** Opening Input for this task block **

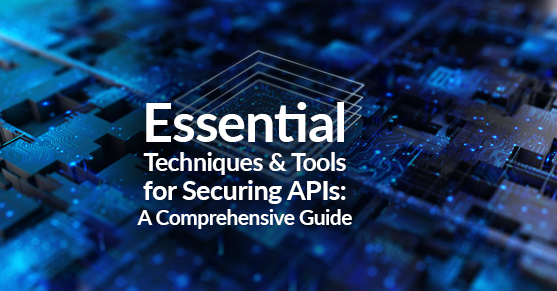 Essential Techniques and Tools for Securing APIs- A Comprehensive Guide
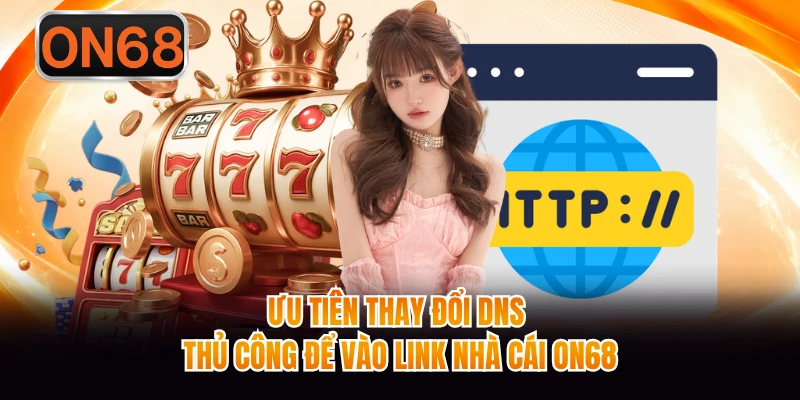 Ưu tiên thay đổi DNS thủ công để vào link nhà cái ON68 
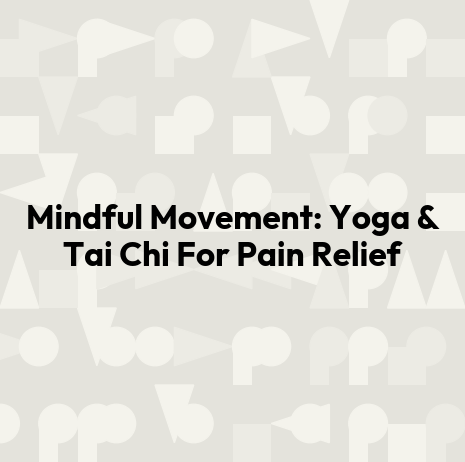 Mindful Movement: Yoga & Tai Chi For Pain Relief
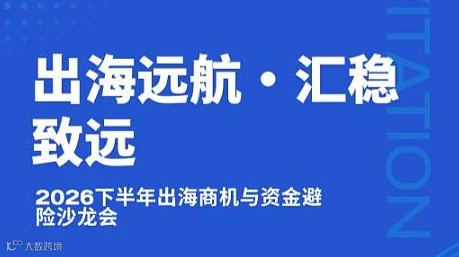 “出海远航•汇稳致远”企业家沙龙——2026下半年出海商机与资金避险沙龙会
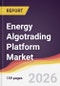 Energy Algotrading Platform Market Report: Trends, Forecast and Competitive Analysis to 2031 - Product Thumbnail Image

** Closing Input for this task block **

Copy each entry exactly as written, and drop the pictures from the copy.

▶ [Problem solution]:
 Essential Techniques and Tools for Securing APIs- A Comprehensive Guide
 Ưu tiên thay đổi DNS thủ công để vào link nhà cái ON68 
 Mindful Movement: Yoga & Tai Chi For Pain Relief
 “出海远航•汇稳致远”企业家沙龙——2026下半年出海商机与资金避险沙龙会
 Energy Algotrading Platform Market Report: Trends, Forecast and Competitive Analysis to 2031 - Product Thumbnail Image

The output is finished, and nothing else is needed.